Dix ans après les émeutes : à Clichy-sous-Bois, "c'est pire qu'avant"

Anaïs Condomines
Publié le 27 octobre 2015 à 8h25
Dix ans après les émeutes : à Clichy-sous-Bois, "c'est pire qu'avant"

REPORTAGE – Dix ans après l’embrasement des banlieues, metronews est parti à la rencontre des habitants du Chêne Pointu, ce quartier de Clichy-sous-Bois (Seine-Saint-Denis) dans lequel vivait Zyed, l’un des deux adolescents dont la mort a déclenché les trois semaines d’émeutes.

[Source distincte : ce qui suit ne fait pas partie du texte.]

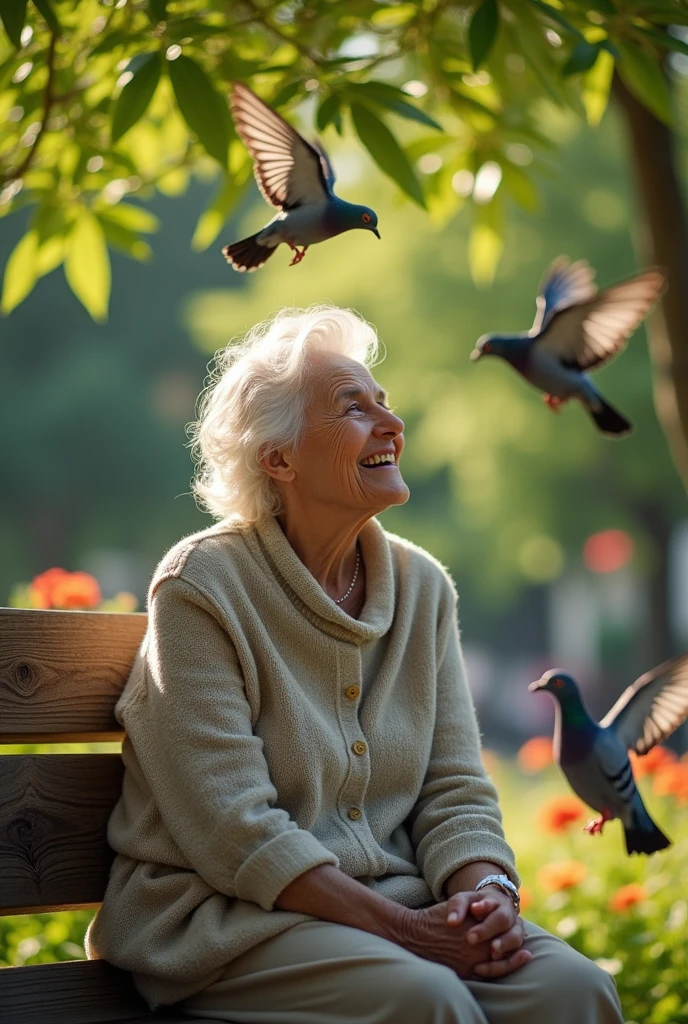 woman, face, 80 years old, white hair, on a bench, in a park, pigeon around her.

Ils veillent sur leur ancien quartier. Placardés en photo grandeur nature sur les panneaux d’affichage de Clichy-sous-Bois, tout autour de la cité du chêne Pointu, Zyed et Bouna sont revenus là où tout a commencé. Ce mardi 27 octobre, voilà dix ans jour pour jour que les deux adolescents sont décédés dans un transformateur EDF, en tentant d’échapper à des policiers. Un drame qui a ouvert la voie à trois semaines d’émeutes et de violences dans les banlieues françaises. Leurs portraits en noir et blanc, souriants pour toujours, contrastent avec les couleurs automnales des quelques arbres de la cité et le brun crasseux des stores en bien mauvais état qui s’alignent sur les façades des tours.

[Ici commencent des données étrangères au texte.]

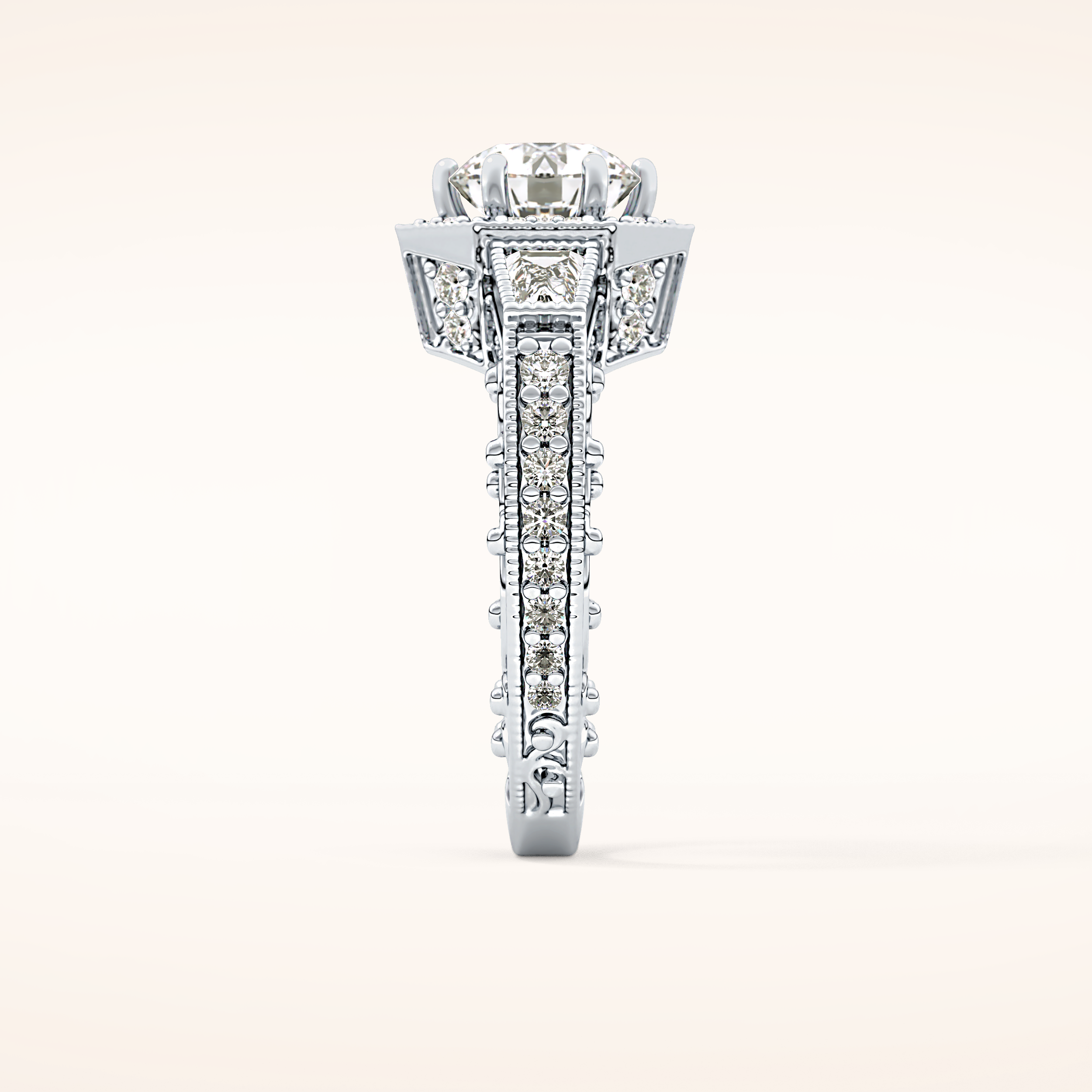 1.34 CT Round Shaped Double Halo & Pave Moissanite Engagement Ring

En 2005, les images des banlieues à feu et à sang ont interpellé la France entière. Les politiques de l’époque, visiblement concernés, ont tous défilé au milieu des tours, assurant que dorénavant, tout serait différent. De ces promesses, il ne reste plus que des souvenirs, ou presque. Au Chêne Pointu, en tout cas, on a plus que jamais l’impression d’avoir été oubliés. Waltar, 36 ans, habite le quartier depuis cinq années. Le regard tranquille, le ton résigné, il constate : "Ici, c’est pire qu’en Afrique. Au Nigéria, d’où je viens, je ne connais pas de quartier aussi terrible. Regardez l’état des tours !" s’exclame-t-il en levant le nez.

Des bennes et des rats

Au sol, autour de lui, les bennes à ordures débordent, attirant les rats qui n’attendent guère la tombée du jour pour se montrer. Non loin de là, en ce vendredi après-midi, un groupe de jeunes enfants jouent au ballon. "Les petits, ils vont à l’école quand ils veulent. Et quand ils se décident, ils ne prennent même pas la peine de s’habiller pour y aller. Ils traînent, ils restent dans la rue jusqu’à 22h, 23h." Waltar, lui, n’a pas d’enfants, mais il se sent bien désolé pour ceux qui grandissent ici. "On dit que les enfants sont les leaders de demain, mais eux, ils n’ont pas d’espoir. Je peux vous le dire, à Clichy, c’est pire qu’avant."


 


Au Chêne Pointu, les visages de Zyed et Bouna ne sont pas oubliés.
Au Chêne Pointu, les visages de Zyed et Bouna ne sont pas oubliés. - AC / Metronews

Et pourtant, au pied des barres, malgré l’inertie et ce qui ressemble fort à un abandon total, certains refusent de rester immobiles. La mission Mars (médiation, animation, réussite sociale) a pour but de sortir les jeunes de l’ennui à travers des activités sportives, des moments de fête autour du Ramadan et des partenariats éducatifs. Elle a vu le jour en mars 2015 à l’initiative d’enfants du quartier. Memouna, 27 ans, est de ceux-là. Nous la retrouvons dans une arrière-boutique du centre commercial, dalle désossée trônant au milieu de la cité. De part et d’autre d’un long couloir de carrelage blanc traversé de courants d’air s’égrènent quelques magasins d’habillement et, adossés au mur, des copains qui fument entre eux. Memouna a la poignée de main franche, de larges épaules de sportive et les cheveux noirs relevés en queue de cheval. Pour s’occuper pleinement de l’association, elle a choisi de quitter son emploi dans la restauration. "Ma mère a pété un plomb !" lance-t-elle. "Mais après les émeutes, tout le monde a pensé : ‘dans les cités, y’a que des casseurs’. Il faut montrer que c’est pas vrai."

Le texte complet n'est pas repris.